A Self Administereted Retirement Trust is a form of pension fund, whereby you make your own decisions as to what assets your pension fund holds, rather than leaving such decisions to a pension fund manager.  So you have a pension fund accumulated in the normal way (through contributions and/or a transfer from an existing scheme) and you decide that your pension fund buys a property as an asset.  It's important to note that the pension fund owns the asset and not you.  

This is totally different to the idea of a pension-backed mortgage.  Using a pension-backed mortgage, you get an interest-only mortgage to buy a property personally.  The original sum borrowed is repaid from the proceeds of your pension fund when you retire.

There are loads of threads on Askaboutmoney discussing both self-administered pensions and pension-backed mortgages.


----------



## howareya (19 Jun 2006)

Marianne,

I see the light.  Thanks very much all these pension options are very confusing to a novice.  
Just on the trust option is it possible to buy numerous investment properties.  Or is there specific guidelines to be followed within the trust.

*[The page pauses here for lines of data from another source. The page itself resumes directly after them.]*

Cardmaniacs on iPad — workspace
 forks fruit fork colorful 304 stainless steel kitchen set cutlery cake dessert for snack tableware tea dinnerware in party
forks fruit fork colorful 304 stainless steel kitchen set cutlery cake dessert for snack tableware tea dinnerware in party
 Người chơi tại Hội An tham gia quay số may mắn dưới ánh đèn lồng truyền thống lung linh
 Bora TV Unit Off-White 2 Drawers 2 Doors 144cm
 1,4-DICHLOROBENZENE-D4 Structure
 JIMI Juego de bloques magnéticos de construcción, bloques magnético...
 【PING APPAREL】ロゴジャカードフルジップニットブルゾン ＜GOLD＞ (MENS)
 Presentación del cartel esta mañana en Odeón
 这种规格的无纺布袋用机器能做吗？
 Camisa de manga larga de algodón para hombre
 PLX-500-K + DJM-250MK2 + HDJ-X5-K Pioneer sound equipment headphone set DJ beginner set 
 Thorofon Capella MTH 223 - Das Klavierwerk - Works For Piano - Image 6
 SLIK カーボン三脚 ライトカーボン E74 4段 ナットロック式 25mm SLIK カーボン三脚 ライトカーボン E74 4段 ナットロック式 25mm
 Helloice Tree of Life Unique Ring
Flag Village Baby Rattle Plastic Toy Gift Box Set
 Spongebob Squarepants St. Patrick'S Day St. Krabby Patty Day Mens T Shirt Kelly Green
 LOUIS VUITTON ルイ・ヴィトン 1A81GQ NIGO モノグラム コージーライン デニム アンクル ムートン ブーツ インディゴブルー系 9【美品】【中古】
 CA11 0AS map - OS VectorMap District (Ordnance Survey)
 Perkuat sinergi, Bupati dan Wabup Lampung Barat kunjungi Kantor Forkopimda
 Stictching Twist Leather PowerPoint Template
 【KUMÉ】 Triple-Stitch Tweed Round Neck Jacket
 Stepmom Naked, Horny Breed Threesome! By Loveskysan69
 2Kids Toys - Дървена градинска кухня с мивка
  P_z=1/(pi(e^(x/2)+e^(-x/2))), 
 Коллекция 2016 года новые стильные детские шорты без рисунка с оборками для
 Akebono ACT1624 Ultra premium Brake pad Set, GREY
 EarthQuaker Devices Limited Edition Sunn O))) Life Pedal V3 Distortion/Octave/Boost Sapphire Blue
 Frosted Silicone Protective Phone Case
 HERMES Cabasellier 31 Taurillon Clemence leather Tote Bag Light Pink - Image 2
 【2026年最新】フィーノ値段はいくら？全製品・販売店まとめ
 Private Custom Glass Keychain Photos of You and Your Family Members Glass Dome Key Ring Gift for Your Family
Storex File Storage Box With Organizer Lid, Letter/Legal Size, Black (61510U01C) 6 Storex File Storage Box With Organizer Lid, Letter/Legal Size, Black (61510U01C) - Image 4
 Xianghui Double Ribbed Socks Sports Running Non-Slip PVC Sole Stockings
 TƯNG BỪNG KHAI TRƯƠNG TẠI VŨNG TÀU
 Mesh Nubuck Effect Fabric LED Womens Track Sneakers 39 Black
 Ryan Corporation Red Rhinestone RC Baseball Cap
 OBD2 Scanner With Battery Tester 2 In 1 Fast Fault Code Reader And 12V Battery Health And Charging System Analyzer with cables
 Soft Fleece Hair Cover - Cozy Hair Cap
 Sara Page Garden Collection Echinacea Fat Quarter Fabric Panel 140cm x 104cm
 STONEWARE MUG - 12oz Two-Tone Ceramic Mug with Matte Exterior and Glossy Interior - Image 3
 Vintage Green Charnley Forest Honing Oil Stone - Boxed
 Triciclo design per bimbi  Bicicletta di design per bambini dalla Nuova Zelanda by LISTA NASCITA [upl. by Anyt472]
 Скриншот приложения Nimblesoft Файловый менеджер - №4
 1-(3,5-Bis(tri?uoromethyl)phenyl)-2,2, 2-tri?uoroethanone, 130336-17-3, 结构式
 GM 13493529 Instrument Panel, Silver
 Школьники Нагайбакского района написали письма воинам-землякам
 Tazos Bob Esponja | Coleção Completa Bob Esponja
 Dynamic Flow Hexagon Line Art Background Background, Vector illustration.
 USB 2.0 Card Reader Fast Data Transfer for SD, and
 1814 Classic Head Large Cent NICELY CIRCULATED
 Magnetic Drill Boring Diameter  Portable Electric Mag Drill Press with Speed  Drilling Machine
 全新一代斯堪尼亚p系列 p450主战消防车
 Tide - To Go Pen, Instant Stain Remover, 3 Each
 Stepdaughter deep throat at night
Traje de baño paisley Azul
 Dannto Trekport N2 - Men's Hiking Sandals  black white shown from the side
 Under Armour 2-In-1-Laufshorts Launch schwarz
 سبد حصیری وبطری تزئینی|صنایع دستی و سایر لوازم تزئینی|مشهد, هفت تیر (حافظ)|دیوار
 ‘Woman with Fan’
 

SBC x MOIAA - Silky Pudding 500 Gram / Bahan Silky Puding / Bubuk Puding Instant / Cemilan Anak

Again thanks for previous reply


----------



## Marianne (21 Jun 2006)

It's permissible to buy as many properties as you can afford.  You cannot have any connection with the properties whatsoever (you / your company / anyone connected with you or your company actually using them, for example).  The limits on contributions you make to the Trust are the same as if such contributions were made to any other form of pension plan.


----------



## James Horgan (23 Aug 2009)

Hi Marianne
I'm new to this site and I'm also relatively new with my sart.  On the same theme as above can you tell me if my sart purchases a property as an investment it is possible for my sart to sell it back to me privately in a number of years? Current market value etc.
Thanks James


----------



## LDFerguson (24 Aug 2009)

James Horgan said:


> Hi Marianne
> I'm new to this site and I'm also relatively new with my sart. On the same theme as above can you tell me if my sart purchases a property as an investment it is possible for my sart to sell it back to me privately in a number of years? Current market value etc.
> Thanks James


 
No - self-dealing is prohibited.


----------